In the chart below, the blue diamonds are the shots taken at each AFMA setting. Look at the ones stacked vertically, they represent identical shots with no external variation, (except vibration).

I have found the longer telephoto "L" lenses to have very little variation, but all others, including the "L" lenses do. Its a good idea to take several shots when you can, about one in 3 or 5 can be out enough to where its really bad.

In this example, I think the lens was at 400mm and I was walking around, I'm going to redo it on concrete for better stability.






This one is one of the better results.


----------



## Marsu42 (Apr 15, 2012)

!Xabbu said:


> Is my assumption that off-center focus points for the 60D will work pretty well not correct? I was hoping that the off-center points would be at least as good as the xxxD center point (apart from the f/2.8 advantage).



There's two criteria for af points that you seem to be mixing up when talking about a "good" af point: sensitivity and pattern detection. The sensitivity of the points is how precise the body tell the lens to af - this is needed when using a lens with a large open aperture because of the thin depth of field. The type of the detection (cross etc) just determines if the af point is able to focus at all or how likely it is to hunt (try to focus at a venetian blind without a cross type af...).

So yes, the 60d/7d have better pattern detection on the outer points, but that doesn't help when using a f2.8+ lens with open aperture because they are not sensitive enough.


----------



## !Xabbu (Apr 15, 2012)

Marsu42 said:


> !Xabbu said:
> 
> 
> > Is my assumption that off-center focus points for the 60D will work pretty well not correct? I was hoping that the off-center points would be at least as good as the xxxD center point (apart from the f/2.8 advantage).
> ...



Thanks, I wasn't aware of that - I thought that a cross sensor would be also more precise.


----------



## TrumpetPower! (Apr 15, 2012)

!Xabbu said:


> Thanks, I wasn't aware of that - I thought that a cross sensor would be also more precise.

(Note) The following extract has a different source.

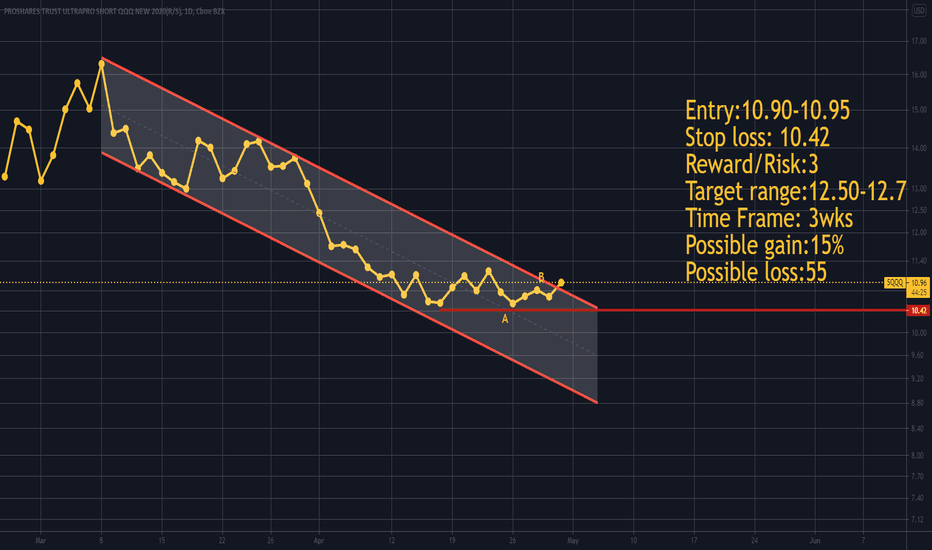 Hedge against Market!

My high school chemistry teacher beat into us the difference between accuracy and precision. Accuracy is how far off the mark your measurement is. Precision is how fine the gradations are on your ruler.

Imagine you're measuring the proverbial football field. If you use the yard markers painted on the grass, you'll get a very accurate but imprecise measurement. If you use a 36" fabric tape measure with 1/8" markings on the soggy grass, marking the end of the tape and picking it up and moving it a hundred or so times, you'll wind up with a very precise measurement (down to the eighth of an inch) that won't be anywhere near as accurate (I'd guess you'd be off by at least several yards).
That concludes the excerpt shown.